If you don't want to cut the egr cooler down you could just weld a plug in each of the exhaust gas ports on the cooler and then cut the scoop out of the up pipe and weld a plug in it. (making a sneaky pipe.) The benefit of this is that you will still pass a visual inspection.
I will do a search quick and try to find the links I have been doing alot of research lately trying to save myself $600.00
There is a fairly easy to do the EGR delete if you're a little handy with a wire welder or know someone who is, and you don't have to get rid of the EGR cooler even if it's leaking internally. PM me if you'd like the details.
the second talks about jb welding the egr shut and unhooking it, which I am not sure I want to do, but it also has a link posted by pipewelder71 showing pics of how to modify the cooler and uppipe and be able to leave the egr valve plugged in so hopefully no codes or lights. here it is:
In my opinion if you have a day, the right tools, and a little creativity. You would be much better off doing this mod yourself instead of spending the $600 on the kit.

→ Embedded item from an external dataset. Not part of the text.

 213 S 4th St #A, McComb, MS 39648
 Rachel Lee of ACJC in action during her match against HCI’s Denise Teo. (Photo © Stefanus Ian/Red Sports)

There is another thread going on now though where some guys are saying this mod will screw up your trucks computer settings and your truck won't run right if you don't have a tuner to account for the change. I personally have no clue, but that may put a hault to my plans.

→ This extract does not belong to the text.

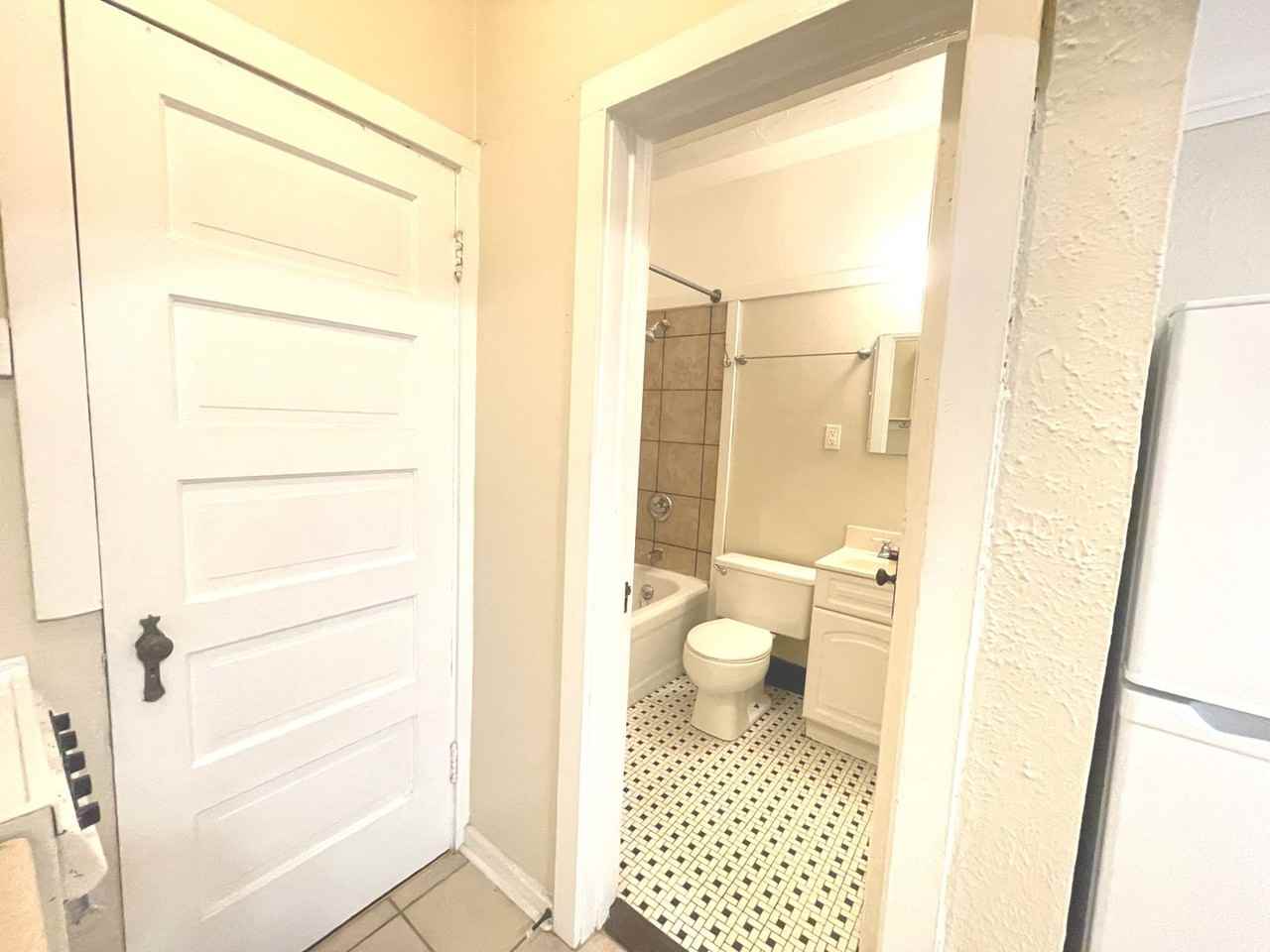 1503-15 E Kane Pl - Photo 6 of 43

I always thought the was a stand alone mod that helped the longevity of the truck and I don't really have the cash for a tuner. Not to mention if I had a tuner I would have a hard time keeping my foot out of the floor and that would lead to ARP headstuds and so on.
My 2004 6.0L was bucking and cutting out, acting very similar to fuel starving or clogging issues. Each time it would buck or hesitate it would puff out a cloud of black smoke.....It was really weird. It happened during acceleration and was acting up way too often. Very annoying.
Then I started to smell antifreeze...
I was really concerned that I might have helped further along the dreaded head gasket issues...
I did some searching and ran across people cleaning or deleting the EGR valve. I simply unplugged it and now it works just like they say... faster turbo spool upand no more smells or bucking. I hope it will hold together long enough for me to save up for a better engine.
Its very odd that something stupid like an EGR valve could cause so much headache.
A friend and I put in an EGR Delete Kit into my F250 on the other day. Everything went failry smooth until we got to the two bolts on the lower end of the Y-pipe. These were the only bolts that gave us problems and we had to break them to get them out but the kit contained replacement bolts anyway. Since the turbo was out we havled it and cleaned it and it runs great now. A couple of things that the kit didn't have and I feel should have had was the gaskert for the oil inlet at the top of the turbo and the o-rings for the bottom of the turbo. The o-rings may have been able to be reused but not worth the risk as far as I'm concerned, but the gasket was a must. These parts are not that expensive approximately $24.00 for both o-rings and gasket. We found that even though the instructions did not call for the removal of the anti-freeze resevrvoir it was helpful to remove it and I flushed it out since I had it out. Another lesson learned that was not mentioned in the instructions was to connect the Y-pipe back to the turbo before tightening the ends onto the manifolds. The whole process took over 10 hours but would have been less if the Y-pipe bolts wouldn't have been such a problem.
The end result is my 6.0L diesel is purring like a kitten.
I also forgot to mention that we left the EGR valve installed instead of blocking it off so the PCM still thinks it actuating and thus no codes or check engine light. AS there is no more exhaust going to it, it is simply actuating itself inside the instake plenum.